Finley Gregory P, Pakhomov Serguei V S, McEwan Reed, Melton Genevieve B
Institute for Health Informatics; Department of Surgery.
Institute for Health Informatics; College of Pharmacy University of Minnesota, Minneapolis, MN.
AMIA Annu Symp Proc. 2017 Feb 10;2016:560-569. eCollection 2016.

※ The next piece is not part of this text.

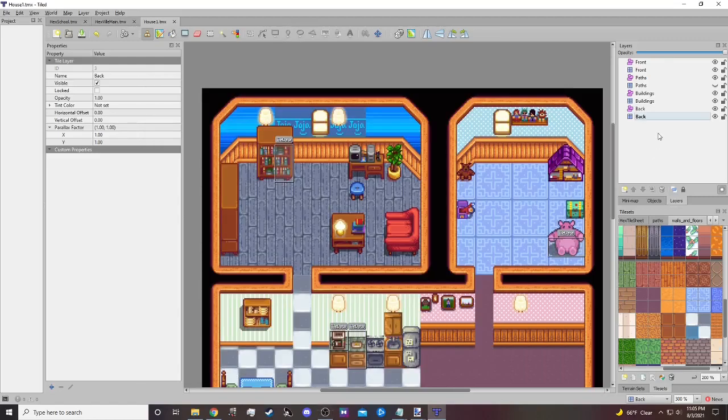Hello everybody. We are back for part two of our tile map building exercise. I want to address a couple mistakes I made in the first video.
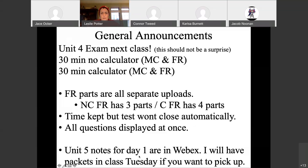Unit five notes for day one are in WebEx. You'll need to do the notes tomorrow night. If I see you tomorrow, you'll be able to pick up your packet. If I don't see you, I've posted the notes in WebEx — just two pages you can print and slip into the packet when you get it on Wednesday. Or if you want someone to pick up the packet for you on Tuesday, let me know.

Abbreviation disambiguation in clinical texts is a problem handled well by fully supervised machine learning methods. Acquiring training data, however, is expensive and would be impractical for large numbers of abbreviations in specialized corpora. An alternative is a semi-supervised approach, in which training data are automatically generated by substituting long forms in natural text with their corresponding abbreviations. Most prior implementations of this method either focus on very few abbreviations or do not test on real-world data. We present a realistic use case by testing several semi-supervised classification algorithms on a large hand-annotated medical record of occurrences of 74 ambiguous abbreviations. Despite notable differences between training and test corpora, classifiers achieve up to 90% accuracy. Our tests demonstrate that semi-supervised abbreviation disambiguation is a viable and extensible option for medical NLP systems.

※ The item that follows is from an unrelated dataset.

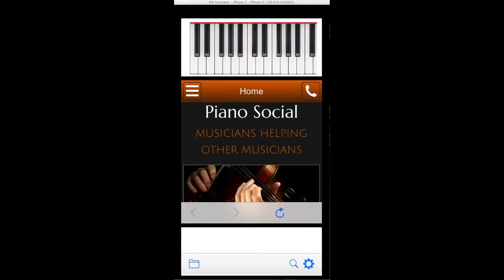Hey, this is Greg from Creative Music. I want to give you a quick demonstration of how to get files, MIDI files, loaded into the app Piano Social. It's really easy.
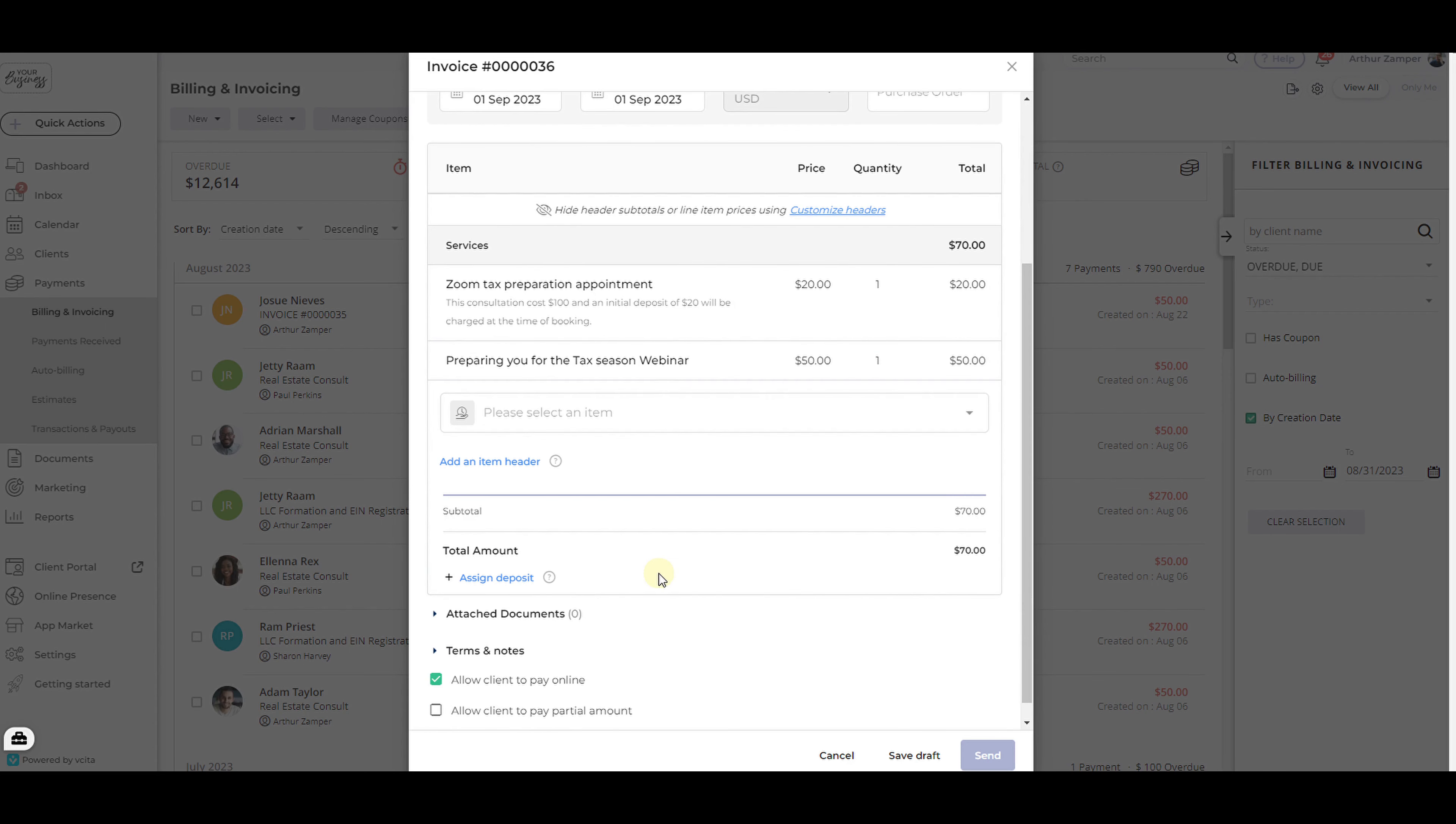If you want to assign a deposit on your invoice, click Assign Deposit. This is only applicable if there's an open, unassigned payment from the client in the system.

临床文本中的缩写消除歧义问题可通过完全监督的机器学习方法得到很好的处理。然而,获取训练数据成本高昂,对于专业语料库中的大量缩写来说是不切实际的。一种替代方法是半监督方法,其中训练数据通过用自然文本中的长形式替换其相应缩写自动生成。该方法以前的大多数实现要么只关注极少数缩写,要么没有在真实数据上进行测试。我们通过在一份包含74个歧义缩写出现情况的大型人工标注医疗记录上测试几种半监督分类算法,展示了一个实际应用案例。尽管训练语料库和测试语料库之间存在显著差异,但分类器的准确率高达90%。我们的测试表明,半监督缩写消除歧义对于医学自然语言处理系统来说是一个可行且可扩展的选择。